[Collection entries]
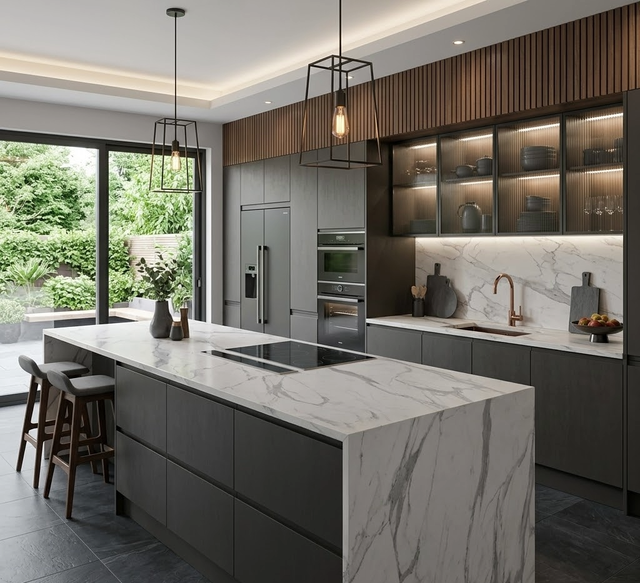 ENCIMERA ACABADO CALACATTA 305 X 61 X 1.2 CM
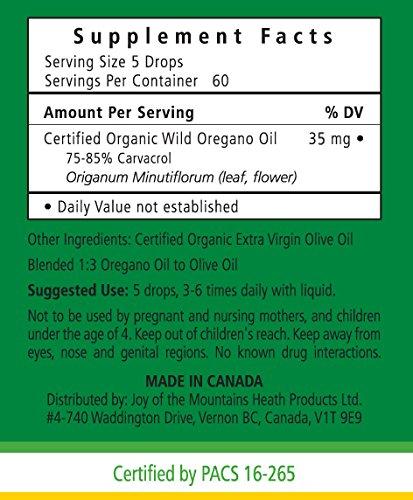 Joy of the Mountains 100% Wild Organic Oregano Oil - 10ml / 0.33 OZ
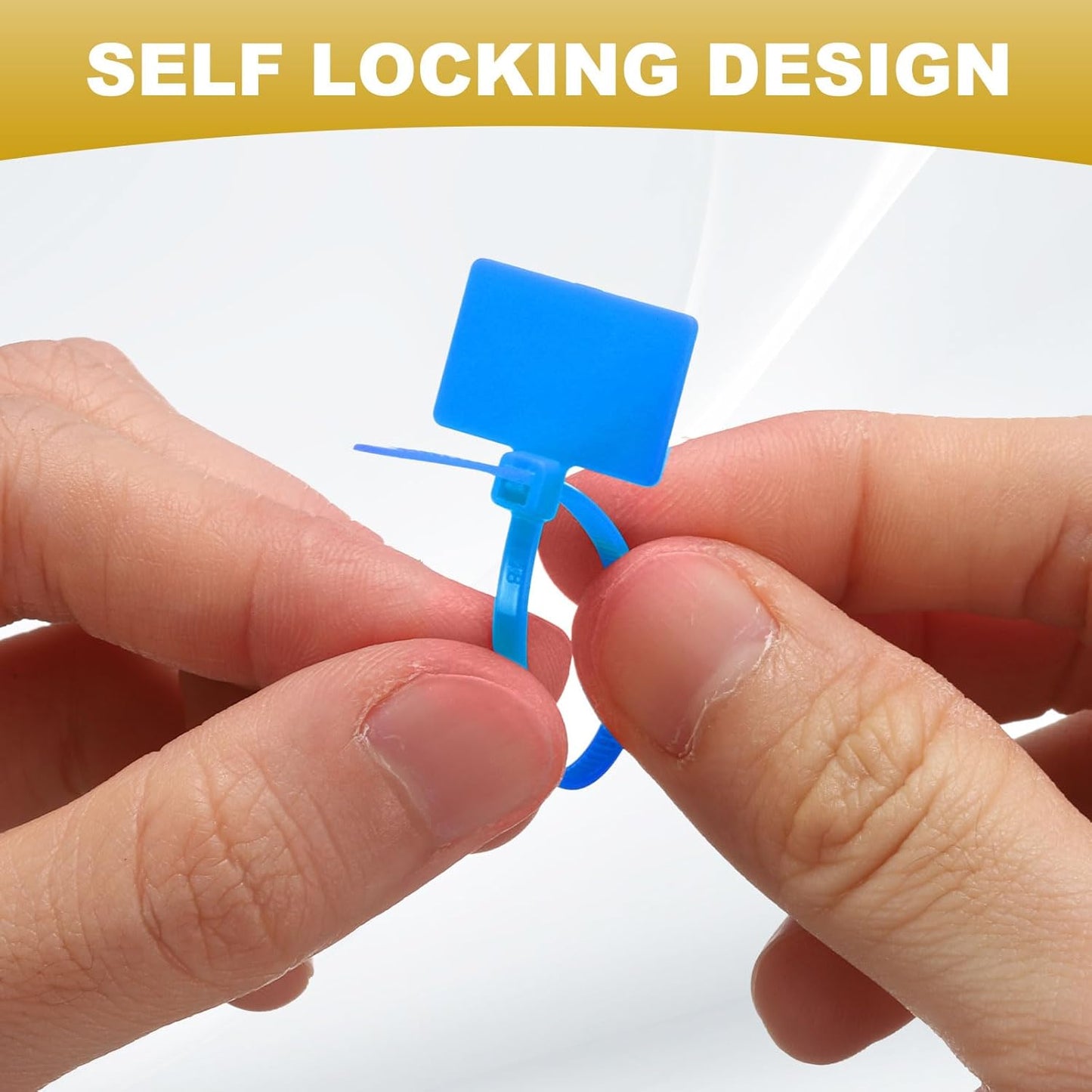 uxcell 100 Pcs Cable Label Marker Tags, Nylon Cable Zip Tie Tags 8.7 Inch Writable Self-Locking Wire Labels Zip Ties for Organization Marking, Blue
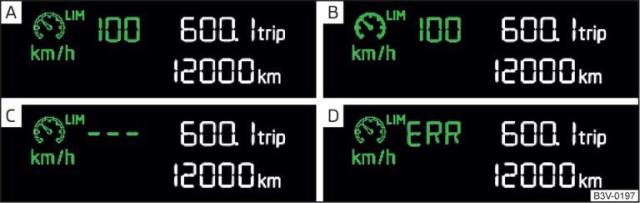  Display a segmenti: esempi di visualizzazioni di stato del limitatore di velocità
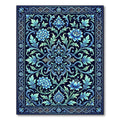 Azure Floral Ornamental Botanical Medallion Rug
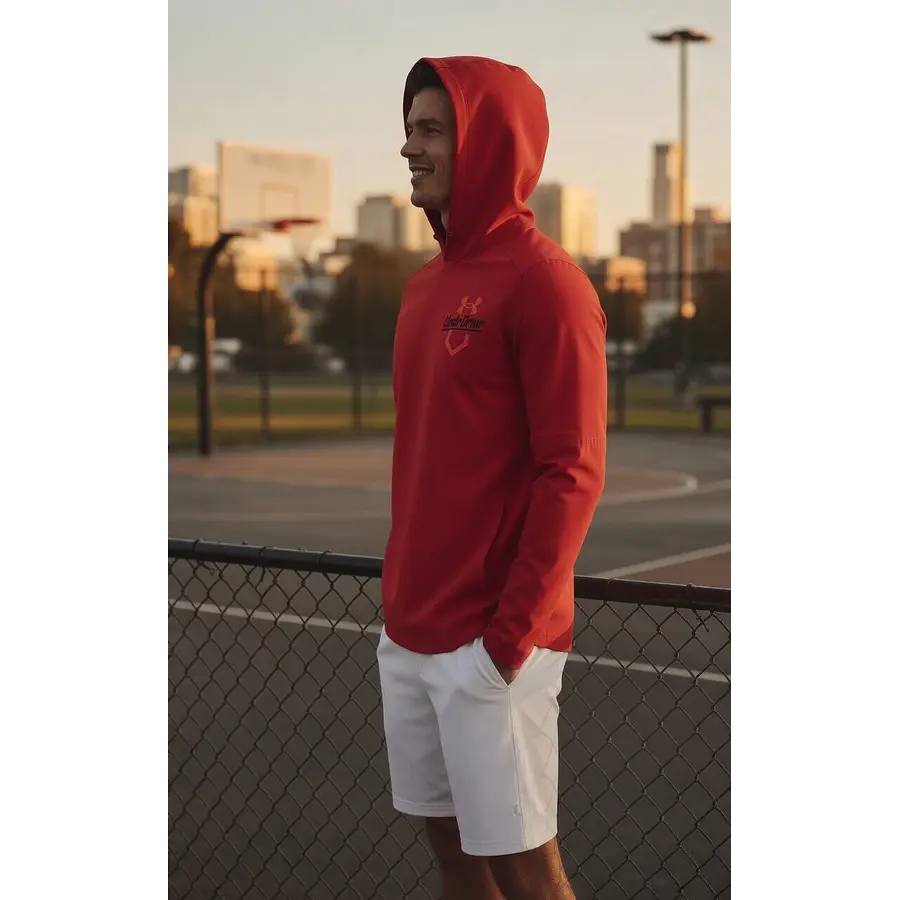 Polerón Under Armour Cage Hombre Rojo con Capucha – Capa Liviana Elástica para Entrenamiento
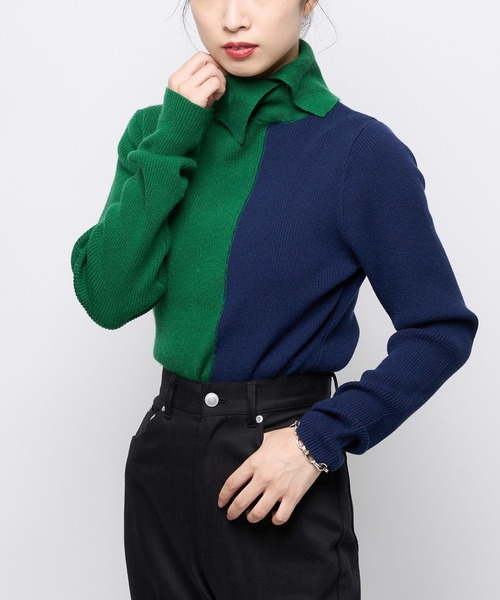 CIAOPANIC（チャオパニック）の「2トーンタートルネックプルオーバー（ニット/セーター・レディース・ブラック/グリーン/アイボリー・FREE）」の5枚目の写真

* What to produce *
When you find the line that contains "Joy of the Mountains", retype it and every line after it through the end of the data above, exactly, with no pictures.

* Answer *
 Joy of the Mountains 100% Wild Organic Oregano Oil - 10ml / 0.33 OZ
 uxcell 100 Pcs Cable Label Marker Tags, Nylon Cable Zip Tie Tags 8.7 Inch Writable Self-Locking Wire Labels Zip Ties for Organization Marking, Blue
  Display a segmenti: esempi di visualizzazioni di stato del limitatore di velocità
 Azure Floral Ornamental Botanical Medallion Rug
 Polerón Under Armour Cage Hombre Rojo con Capucha – Capa Liviana Elástica para Entrenamiento
 CIAOPANIC（チャオパニック）の「2トーンタートルネックプルオーバー（ニット/セーター・レディース・ブラック/グリーン/アイボリー・FREE）」の5枚目の写真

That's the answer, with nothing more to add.